Partnership Agreements, Operating Agreements, and other Corporate Governance Documents
Clients often call and state very matter of factly, “We’re starting a company and need an operating agreement for our LLC.” Clients also often say, “I’m having a disagreement with my partners and we need an operating agreement to resolve them.” While conventional wisdom would indicate it is never too early to get an agreement between business owners in place, it is not always necessary. Businesses that are well funded and that can afford to put the time and money into a thorough agreement should do so from the outset to avoid issues down the road. However, many new businesses have limited budgets and more importantly, are not turning any revenue.

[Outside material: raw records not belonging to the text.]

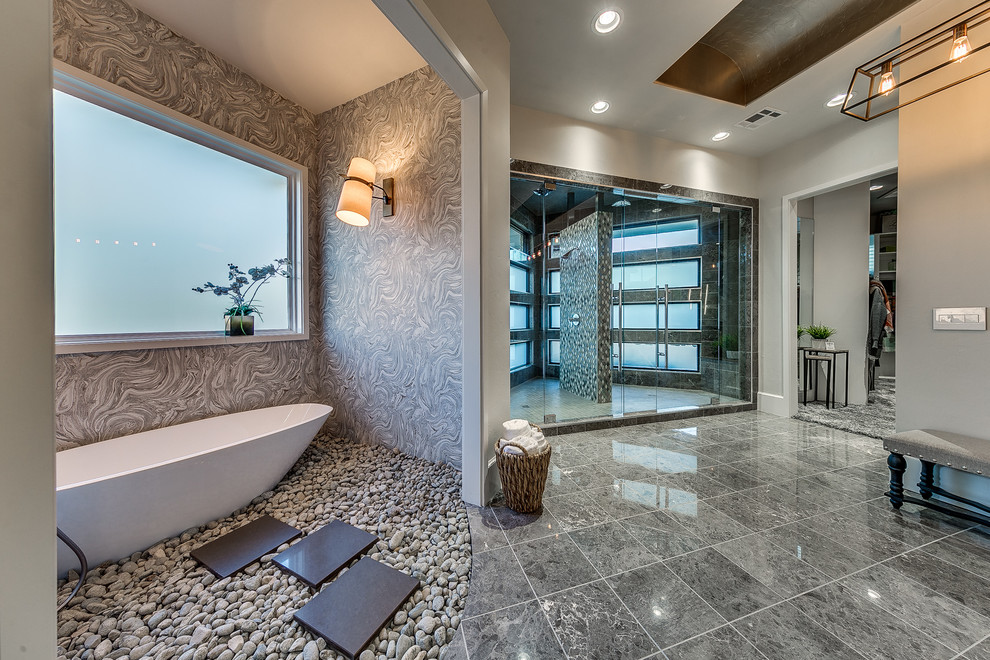 Foto de cuarto de baño principal contemporáneo con bañera exenta, ducha doble y paredes grises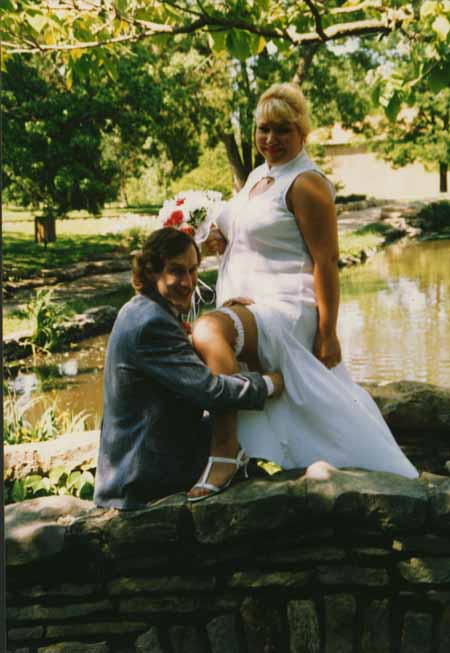 chris - crystal - on bridge removing garter copy.jpg (37143 bytes)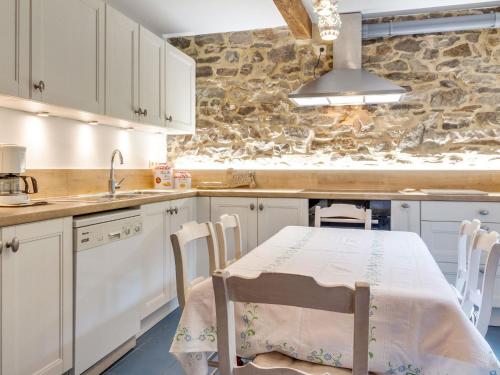 eine Küche mit einem Tisch, Stühlen und einer Steinmauer in der Unterkunft Enticing Holiday Home in Viroinval near Forest in Le Mesnil
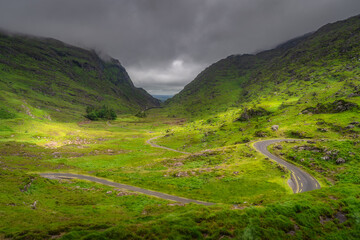 A winding road elegantly weaves its way through a vibrant green Gap of Dunloe valley, surrounded by majestic hills and moody clouds, creating a truly serene and picturesque landscape, Kerry, Ireland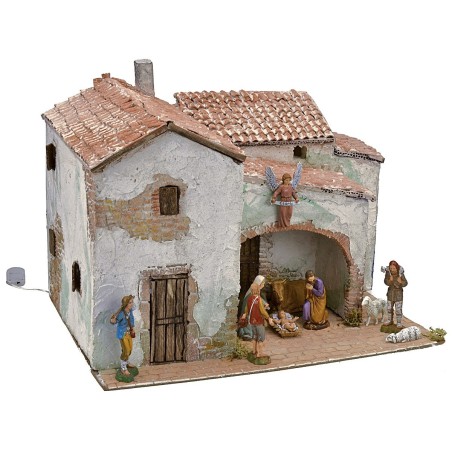 Illuminated stucco village complete with figurines cm 40x30x31 h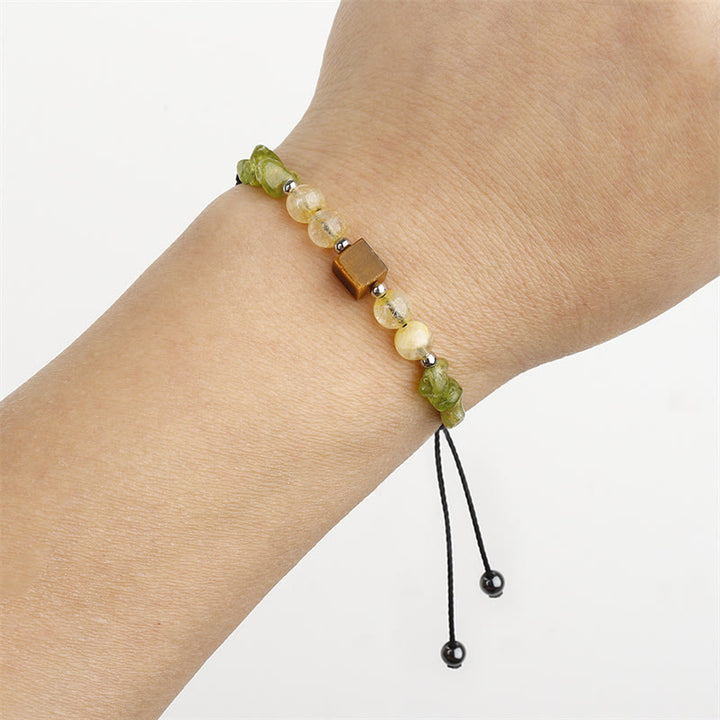 Buddha Stones Trova la tua gioia Braccialetto in corda della pace con peridoto, citrino, occhio di tigre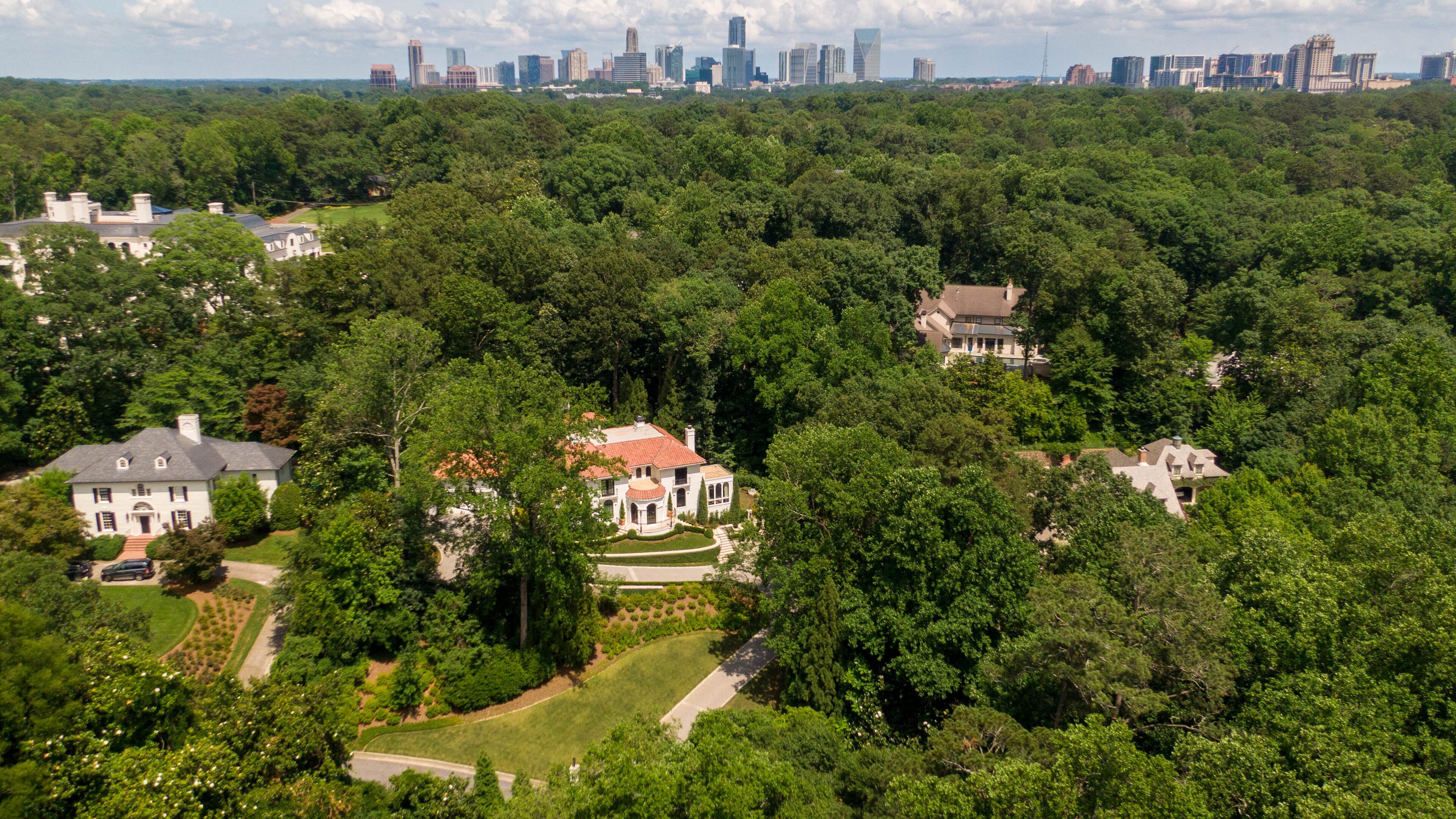 An aerial photo shows some of the homes in Buckhead nestled in trees against part of the Atlanta skyline. Atlanta has adopted a goal of 50% canopy coverage, but the city’s tree cover has been short of that mark for years. (Hyosub Shin/AJC 2021)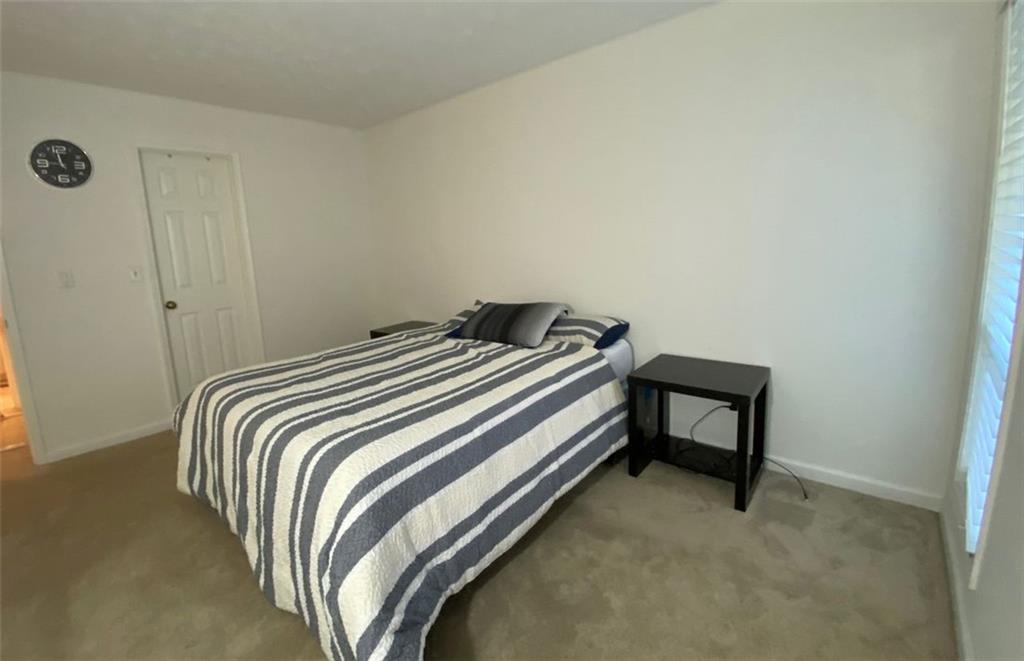 3934 Woodridge Way Tucker, GA 30084 - Photo 31 of 75 a bedroom with a bed and a table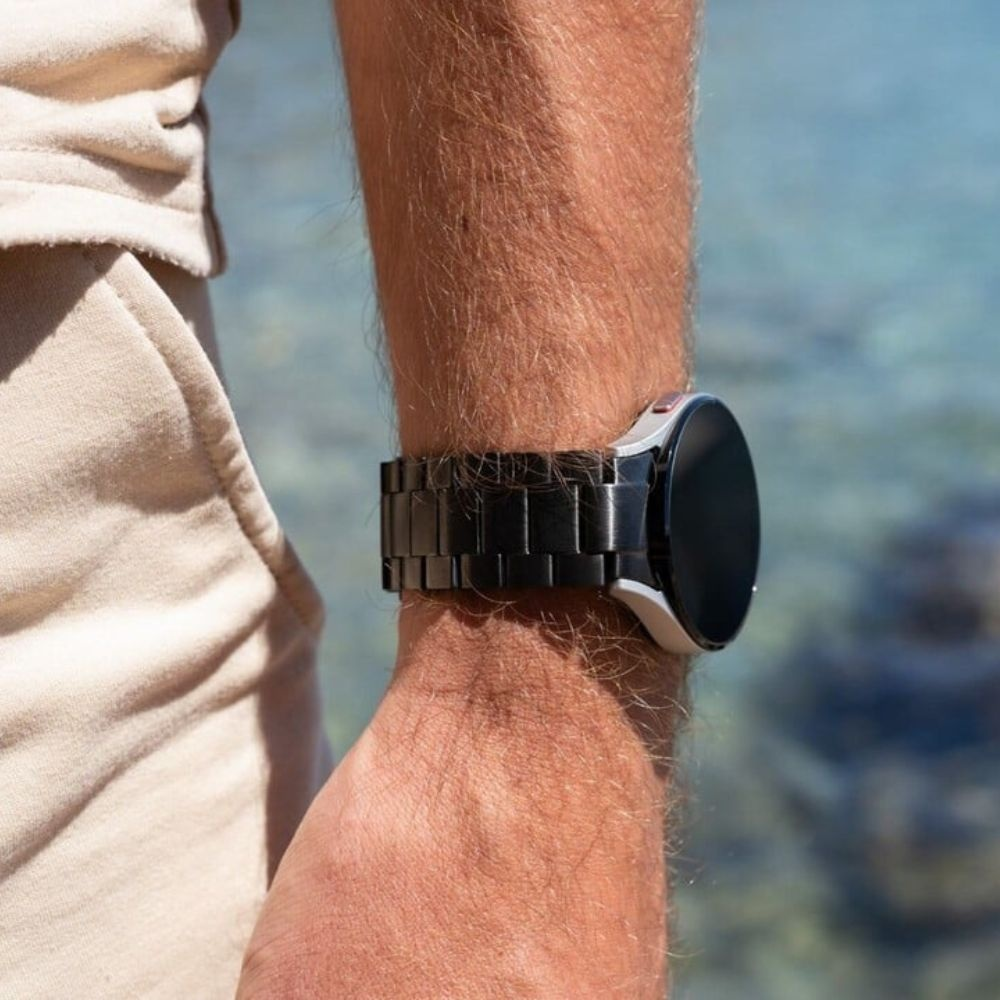 Mann mit schwarzer Uhr mit Metallband. Wasser Hintergrund.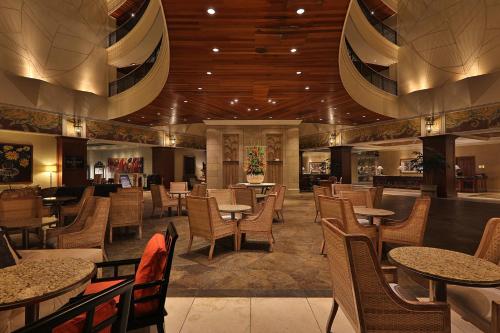 a restaurant with tables and chairs and a lobby at InterContinental Costa Rica at Multiplaza Mall by IHG in San José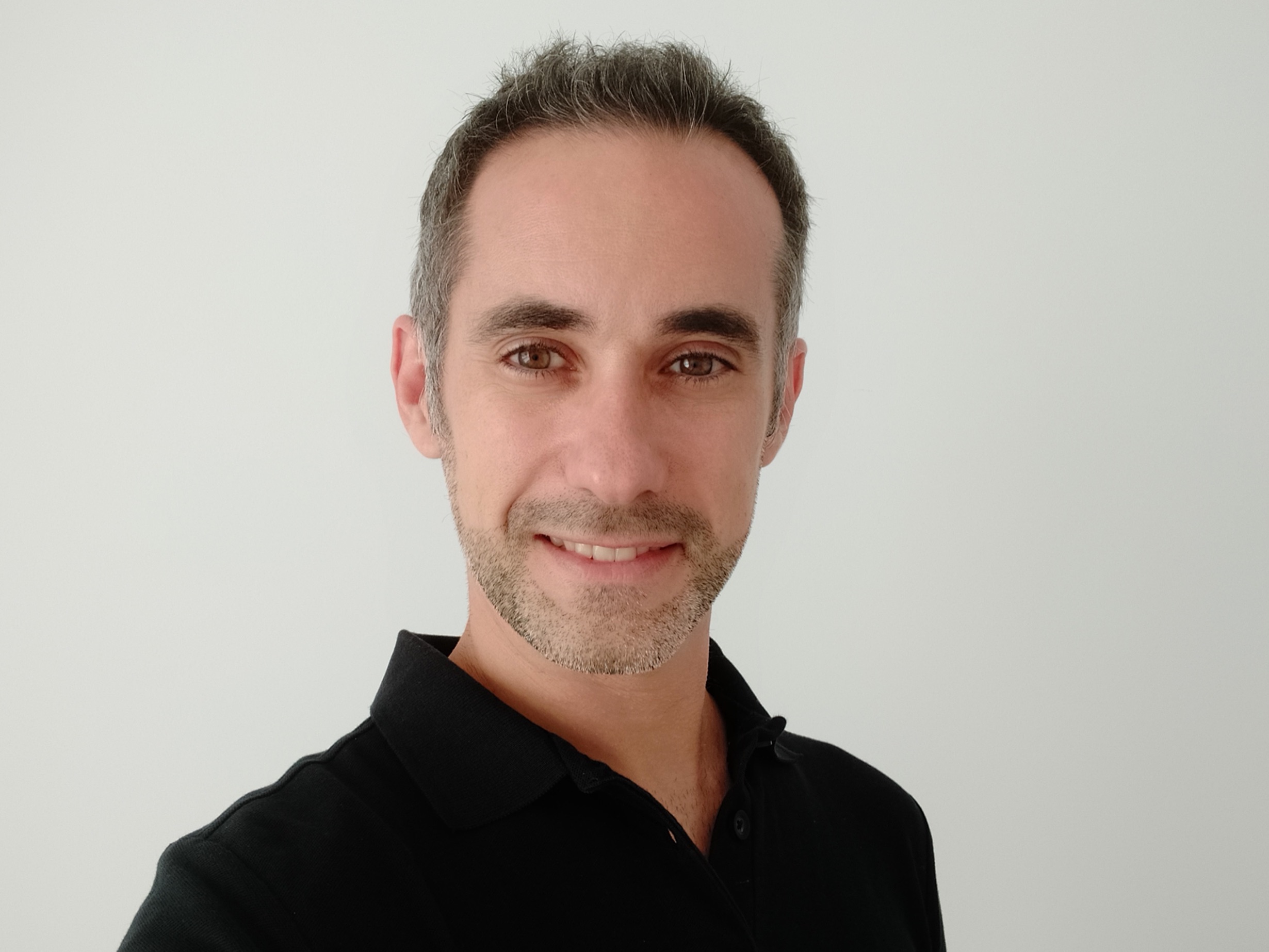 Hombre con barba corta y cabello canoso, sonriendo, vestido con camisa negra, fondo blanco.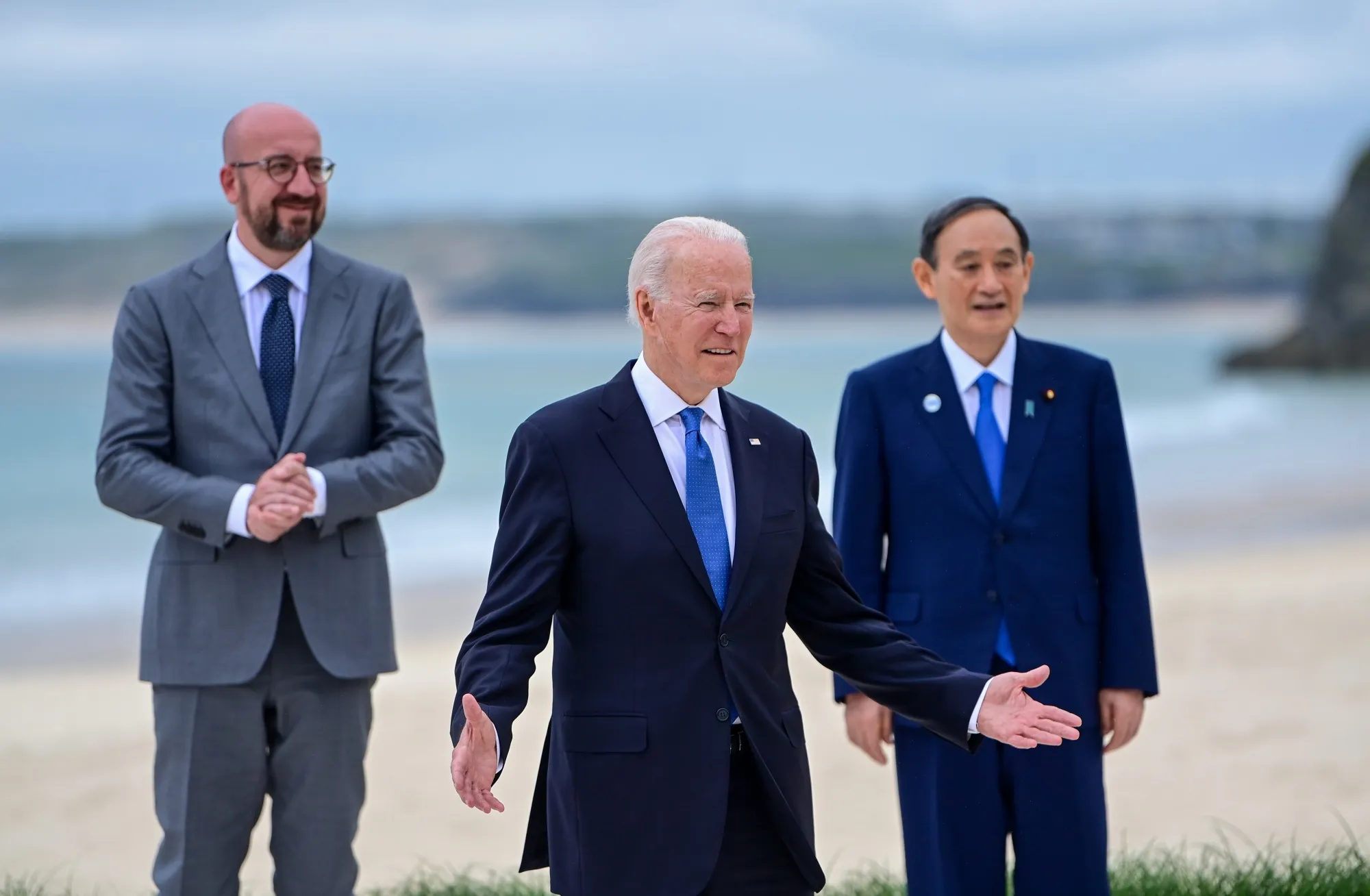 From left, Charles Michel, Joe Biden, and Yoshihide Suga attend the G-7 Leaders Summit in Carbis Bay, U.K. on June 11.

One situation I frequently see is a few people come up with an idea for a business. They have a business plan, a basic structure in their minds of what the company should look like, but they have yet to launch the business nor do they have any revenue coming in. Depending on the nature of the business, an operating agreement may not be necessary at this point. While each individual situation is different and an attorney should always be consulted because there may be assets or other intellectual property put into the business, until there is a proof of concept, an operating agreement may be unnecessary. Operating agreements govern how business decisions get made, how money is spent and distributed, what to do if the company is failing, and who owns what percentage of the company. New businesses need to prioritize how they spend their money. Launching your business and gaining traction is more important than an operating agreement at the beginning.
With all that being said, it is a delicate balance. The business should be off and running with some promise but wait too long, and it may be too late to have an efficient negotiation of the operating agreement. My recommendation to clients is focus on making the business successful and the instant it that success starts to get recognized, is when you need an operating agreement. As I said earlier, this advice varies as in some cases partners may want an operating agreement from the outset depending on the various contributions of the partner. A partner who is contributing a valuable patent or other intellectual property, or who is contributing real property, or even a large sum of money should insist on an operating agreement before anything happens. However, businesses that are more conceptual than actual don’t need an agreement until the concept starts evolving into a reality. In other words, many companies don’t need an operating agreement when there is only smoke. They should devote their resources towards getting that fire started. However, the minute a spark is seen is when it is time to consult with an attorney and negotiate all of the material terms as to how to run the business. Do this too early, and you may spend money unnecessarily that could be better spent elsewhere. Wait too long and the company’s success may make negotiating the operating agreement much more difficult.